An interesting detail was mentioned: The elephants have better memory than humans, at least in the sense that the former ground their actions firmly in their physical reality. Our memory, in turn, is quite fallible. Could it be that exactly because we cannot remember reality, we are so reliant on our imagination, and as we rely on it more and more, we actually live not only in the environment (umwelt), but also within our experienced world (welt) and thus can ignore the effects our actions have on the physical reality as we pursue the imaginary ones?
Embedded in the article was the idea that the growth imperative somehow follows automatically from the shift in the evolutionary level from individual to group. Instead of orienting actions towards what suffices, the group efforts are aimed at producing surplus.

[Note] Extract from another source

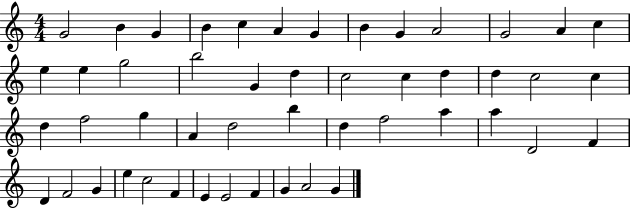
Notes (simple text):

G4/h B4/q G4/q B4/q C5/q A4/q G4/q B4/q G4/q A4/h G4/h A4/q C5/q E5/q E5/q G5/h B5/h G4/q D5/q C5/h C5/q D5/q D5/q C5/h C5/q D5/q F5/h G5/q A4/q D5/h B5/q D5/q F5/h A5/q A5/q D4/h F4/q D4/q F4/h G4/q E5/q C5/h F4/q E4/q E4/h F4/q G4/q A4/h G4/q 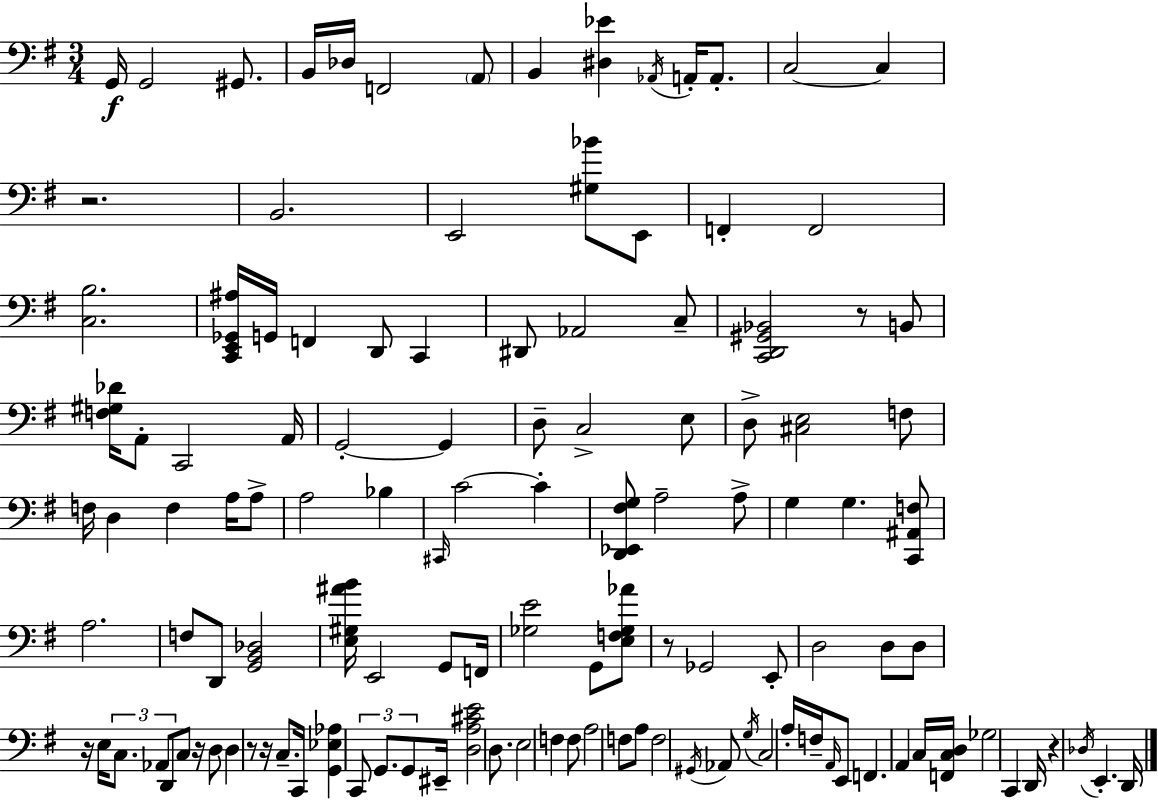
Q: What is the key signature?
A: E minor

While the article is not explicit regarding the link from seeking surplus to the growth imperative, we wondered whether this might be the intended ratio: As farming mandates sedentary life, which in turn makes it more difficult to wander far searching for additional sustenance, in the case of a bad harvest or other contrary conditions, access to a stocked larder becomes essential. We, however, were left wondering whether this simple explanation really suffices in explaining the immensity of the growth imperative – especially considering that humanity made a similar leap from better to worse individual lifestyles again at the start of the industrial revolution. Then the growth imperative was not oriented to better stocked larders but to a general drive for more of more of nearly everything.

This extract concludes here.